Nemo Digital Holdings Corp. v. XYZ Financial Markets LLC et al.

CourtDistrict Court, D. New Jersey
DecidedDecember 26, 2025
Docket2:24-cv-00737
StatusUnknown

This text of Nemo Digital Holdings Corp. v. XYZ Financial Markets LLC et al. (Nemo Digital Holdings Corp. v. XYZ Financial Markets LLC et al.) is published on Counsel Stack Legal Research, covering District Court, D. New Jersey primary law. Counsel Stack provides free access to over 12 million legal documents including statutes, case law, regulations, and constitutions.

Bluebook
Nemo Digital Holdings Corp. v. XYZ Financial Markets LLC et al., (D.N.J. 2025).

Opinion

UNITED STATES DISTRICT COURT DISTRICT OF NEW JERSEY

NEMO DIGITAL HOLDINGS CORP.,

Plaintiff, No. 24cv737 (EP) (JSA) v. OPINION XYZ FINANCIAL MARKETS LLC et al.,

Defendants.

PADIN, District Judge. This matter comes before the Court on Defendant XYZ Financial Markets LLC’s (“XYZ”) motion to confirm an arbitration award entered against Plaintiff Nemo Digital Holdings Corp. (“Nemo”) and to obtain post-judgment interest pursuant to state law. D.E. 21-1 (“Motion” or “Mot.”).1 Nemo opposes and seeks to vacate the arbitration award under 9 U.S.C. § 10(a)(2)-(4) on grounds that the arbitration panel was biased, engaged in misconduct, and exceeded its authority. D.E. 29 at 1-162 (“Opposition” or “Opp’n”).3 XYZ replies. D.E. 30 (“Reply”). The Court decides the Motion without oral argument. See Fed. R. Civ. P. 78(b); L. Civ. R. 78.1(b). For the reasons set forth below, the Court will DENY Nemo’s request to vacate the arbitration award and will GRANT in part XYZ’s Motion and DENY in part XYZ’s Motion.

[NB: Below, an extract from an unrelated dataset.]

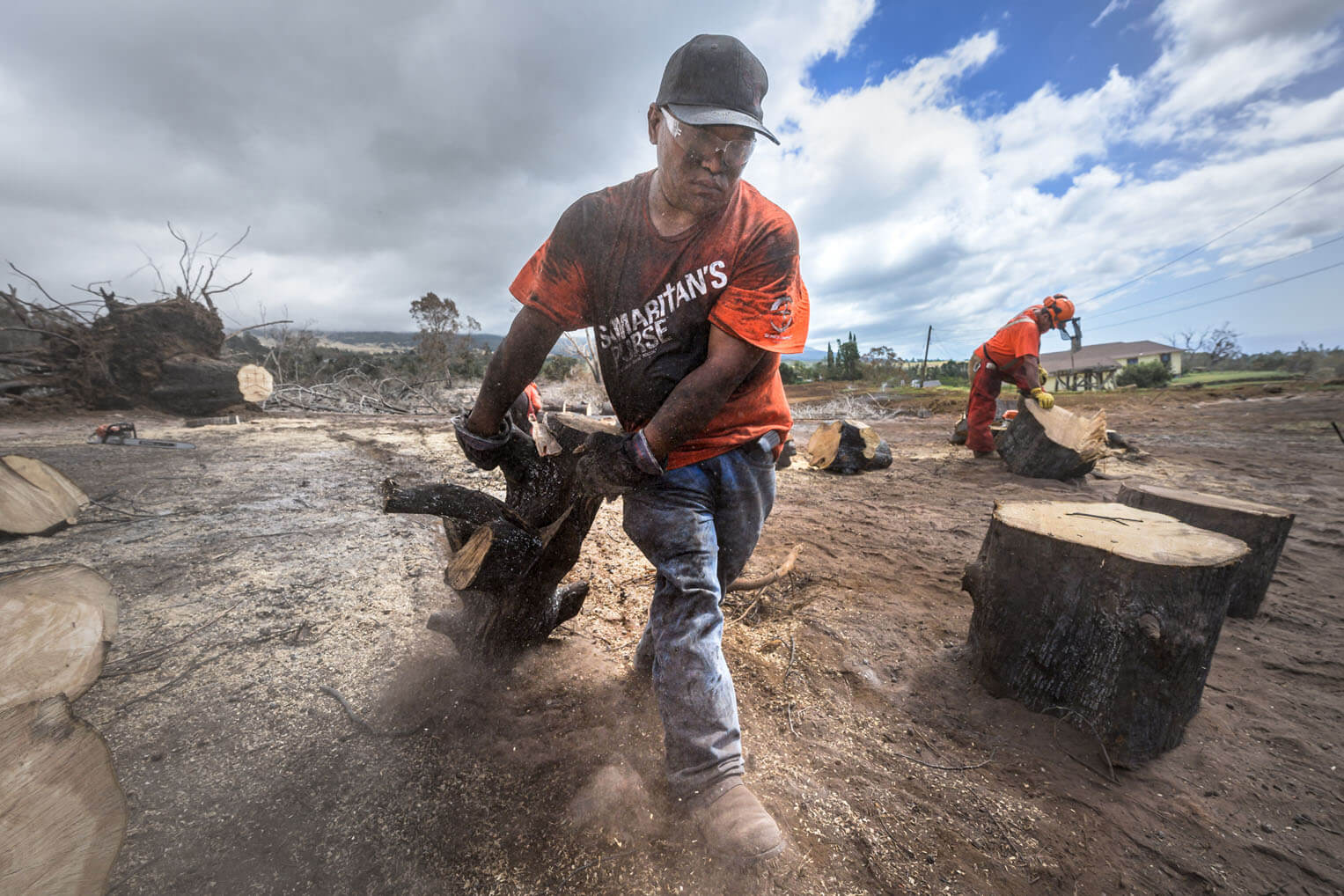 This local volunteer's soot-covered arms, shirt, and face are the tell-tale markings of work among the ashes of former homes and forests in this scorched paradise.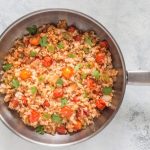 Cauliflower Mexican Rice, a low carb spin on a classic recipe, also known as Spanish Cauliflower Rice, easy paleo, low carb, whole30 side dish recipe you’ll love! | www.noshtastic.com | #lowcarb #keto #paleo #cauliflowerrice #mexicanrice #spanishrice #whole30 #w30 #glutenfree #noshtastic #glutenfreerecipe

1 XYZ filed its notice of motion at D.E. 21 and its motion at D.E. 21-1. For ease of reference, the Court refers to D.E. 21-1 as XYZ’s Motion.

2 Because Nemo filed all of its exhibits together with its Opposition without page covers or breaks, the Court refers to the page ranges corresponding to each discrete set of papers within D.E. 29.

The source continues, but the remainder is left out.